McClatchy Newspapers

BAGHDAD — An Iraqi couple was killed in their bed Saturday morning as their daughter slept between them when U.S. forces raided their home.

The U.S. military said that the raid, in the area of Hawija, just west of Kirkuk, was an Iraqi government-approved operation against a wanted man and that the killings were in self-defense. But the family described the slayings of a modest farmer and his wife and the wounding of their daughter by U.S. forces as the three slept.

According to a U.S. military statement, at 2 a.m. U.S. and Iraqi soldiers entered the bedroom where the couple lay, and the woman reached under the mattress. The soldiers told her multiple times to show her hands; when she didn’t, they shot her, the statement said.
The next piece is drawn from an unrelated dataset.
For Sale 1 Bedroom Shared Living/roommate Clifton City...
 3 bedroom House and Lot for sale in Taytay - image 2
The woman’s husband, Dhia Hussein Ali, jumped up and “physically attacked” the soldiers after his wife was shot, the statement said. The soldiers killed him in self-defense, the statement said. The couple’s 9-year-old daughter, Alham, was injured during the attack.
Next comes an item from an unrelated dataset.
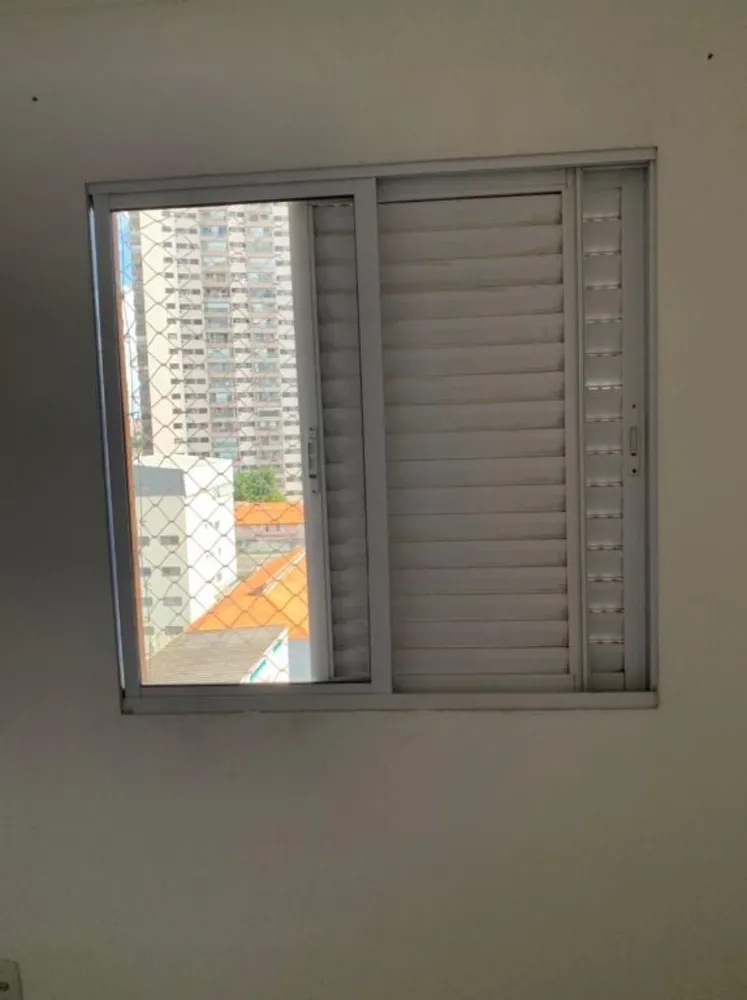 Apartamento, 3 quartos, 72 m² - Foto 11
After the killings a “high-powered pistol” was found under the mattress, the statement said. U.S. and Iraqi troops went to the house because they believed Ali was a member of al-Qaida in Iraq and later identified him as a wanted terrorist, the statement said. He had been detained at least once before by U.S. forces in a detention center in southern Iraq in 2004, his family said.
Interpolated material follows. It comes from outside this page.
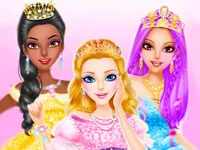 https://timunmini.id/game/princess-salon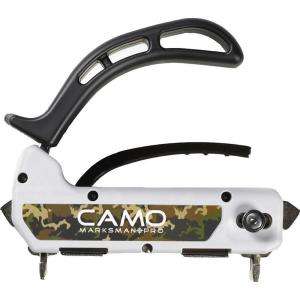 CAMO Marksman Pro(TM) Tool 345001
The U.S. military said the operation was “fully coordinated with Iraqi authorities [who were also present for the operation] and conducted with full respect for the Iraqi Constitution and the laws of Iraq.”

After a security agreement took effect Jan. 1, the U.S. military can conduct operations on their own if Iraqi authorities approve them and they are coordinated with Iraqi authorities.

Ali Dabbagh, the Iraqi government spokesman, said he had no information on the raid.

Brig. Gen Abdel Kareem Khalaf, the spokesman for the Ministry of Interior, told National Public Radio that no Iraqi forces were present at the raid, and he demanded an investigation. It was unclear if the raid was approved, he said.

“We have asked for a joint investigative committee plus we have asked for an explanation from the American side regarding what happened,” he told NPR. “Up to now there were victims on the ground and we have to know why.”